Che pregassero per me: come potrei essere trovato degno di una tale offerta? Che sapessero associare questa morte a tante altre ugualmente violente, lasciate nell’indifferenza dell’anonimato. La mia vita non ha più valore di un’altra. Non ne ha neanche meno. In ogni caso non ha l’innocenza dell’infanzia. Ho vissuto abbastanza per sapermi complice del male che sembra, ahimè, prevalere nel mondo, e anche i quello che potrebbe colpirmi alla cieca.”
La testimonianza e la preghiera. “Dove due o tre sono riuniti nel mio nome…”
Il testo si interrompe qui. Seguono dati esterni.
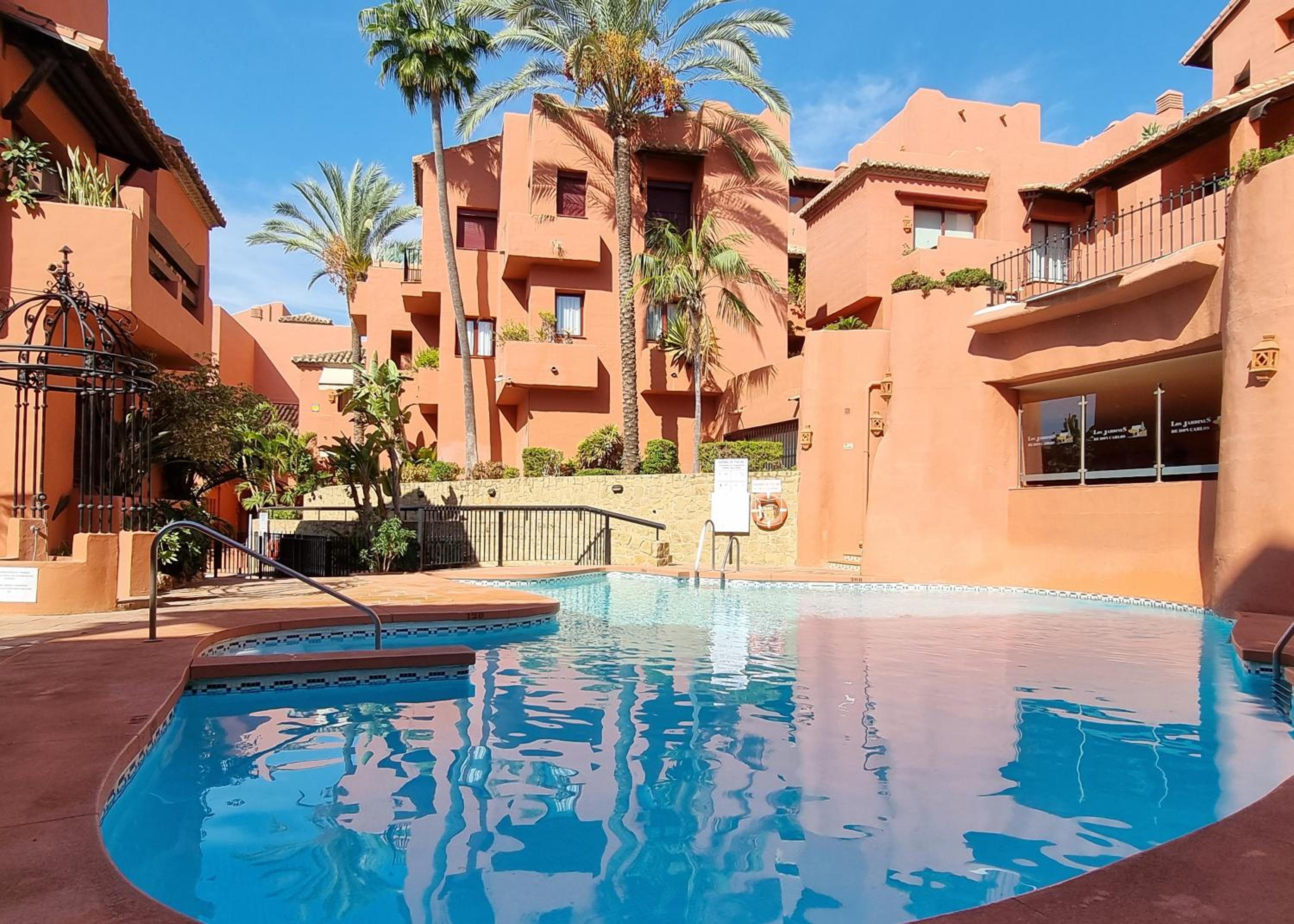 Luxury Apartment in Jardines De Don Carlos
Un’amicizia che ha saputo abbattere i muri, creare fiducia, aprire porte inattese. Come quella sera, dopo compieta. Frère Christian torna in cappella e si mette a pregare, in ginocchio, tra l’altare e il tabernacolo. Ed ecco che a un certo momento sente una presenza accanto a sé e un mormorio che sale: “Allâh! Âkbar! (il Grande!)”. Tra un’invocazione e l’altra l’uomo sospira; dopo un po’ di tempo si rivolge a fr. Christian e chiede: “Preghi per me”.
Questi comincia a balbettare in francese una preghiera composta all’istante: “Signore unico e onnipotente, Signore che ci vedi, tu che unisci tutto sotto il tuo sguardo, Signore di tenerezza e di misericordia… insegnaci a pregare insieme”.
Anche l’ospite prega, il francese e l’arabo si mescolano. Poi giunge un altro e si unisce alla preghiera. “Dove due o tre sono riuniti nel mio nome, io sono in mezzo a loro!”. Sono trascorse tre ore; poi si lasciano in silenzio nella notte. Il terzo arrivato, anche lui un ospite musulmano, il giorno successivo commenta: “Tutto è semplice quando è Dio che guida”.
Fratel Jean-Pierre Schumacher e i suoi fratelli sono stati testimoni autentici del Vangelo e del Cristo che vince la morte e riconcilia le differenze.